Data Generalization In Data Mining - Summarization Based Characterization

From Data Analysis point of view, we can classify the data mining into the following two categories; Predictive data mining

  1. Predictive data mining
  2. Descriptive data mining

Descriptive data mining

We can describe the data set in a concise way and it is also helpful in presenting the interesting properties of the given data.

Predictive data mining

Predictive data mining is helpful in analyzing the data to construct one or a set of models. Predictive data mining is useful in predicting the behavior of new data sets.

If we discuss about databases, then databases have a big amount of data. But the user wants to store a big data but interested in getting the summarized and concise data and information.

Predictive data mining is helpful to show an overall picture of a class of data. Similarly, Predictive data mining is useful to distinguish it from a set of comparative classes.

Concept Description

Concept Description is the simplest kind of descriptive data mining. A concept is a term that can be used for a collection of data. The collection of data examples are mentioned below;

new_students, graduate_students, alumni, and so on.

We can’t say that the data mining task concept description is a simple enumeration of the data. The solid reason behind it is because the concept description generates descriptions for the comparison and characterization of the data.

The term concept description is also referred to as class description especially when the concept to be described is about a class of objects.

Comparison of data

• Comparison of data provides the descriptions of comparing more than one data collection.

Characterization of data

Characterization provides a concise summary of the given collection of data.
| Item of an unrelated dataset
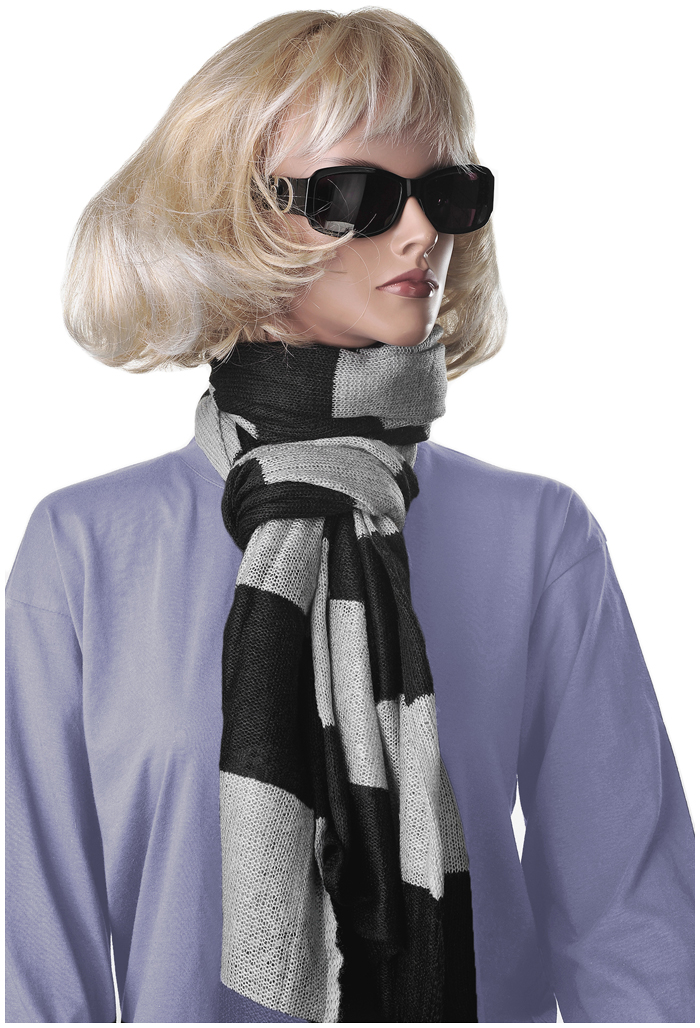 

Szeroki Szal Szalik Damski Duży Zimowy Etola mo2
Data Generalization & Summarization

When we are at the primitive concept level, then Data and objects in databases contain detailed information.
For example, let’s see the example of a sales database. Suppose the database contains attributes that are describing the low-level item data and information. Low level information examples are item_ID, item_name, item_supplier, item_place_made, item_brand, item_category,  and item_price.
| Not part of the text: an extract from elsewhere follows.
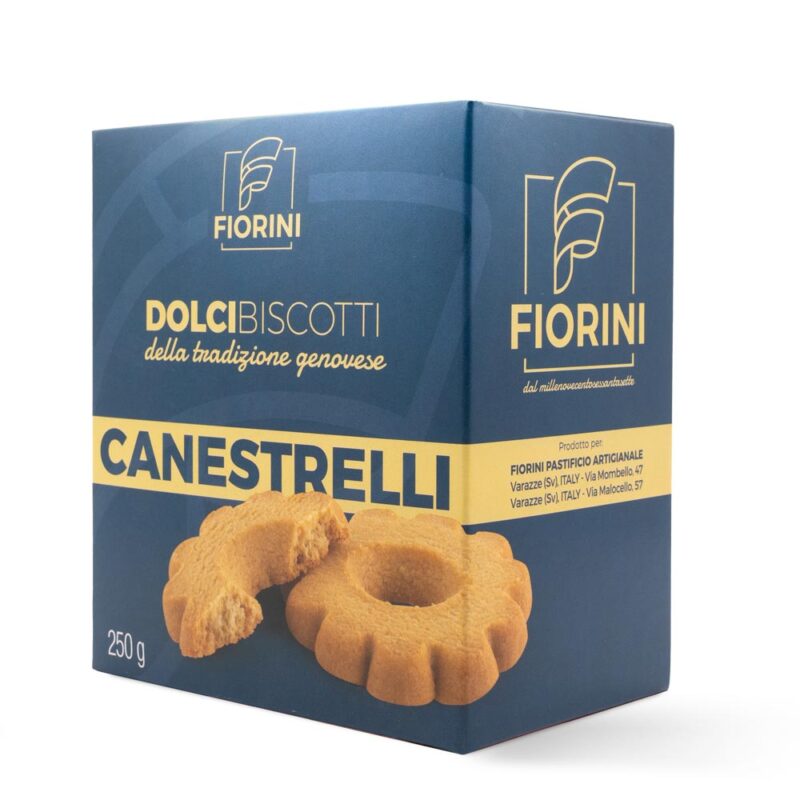 Packaging dei Canestrelli di Casa Fiorini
Data Summarization is very helpful to summarize a large set of data. Data Summarization is helpful to present it at a high conceptual level.

Let’s see one example. Suppose we want to summarize a large amount of data related to the sales during the summer holidays and providing a general description of such data, which can be very helpful for the sales department and managers.

All of this activity requires the help of data generalization.

Data Generalization

Data Generalization abstracts a large set of data that is relevant to the task in a database from a low to the higher conceptual level.

Data Generalization is helpful for creating the characteristic rules and it is a summarization of general features of objects in a target class.

How to retrieve data relevant to a user-specified class?

The data can be retrieved by a database query and with the help of a summarization module to extract the essence of the data at different levels of abstractions.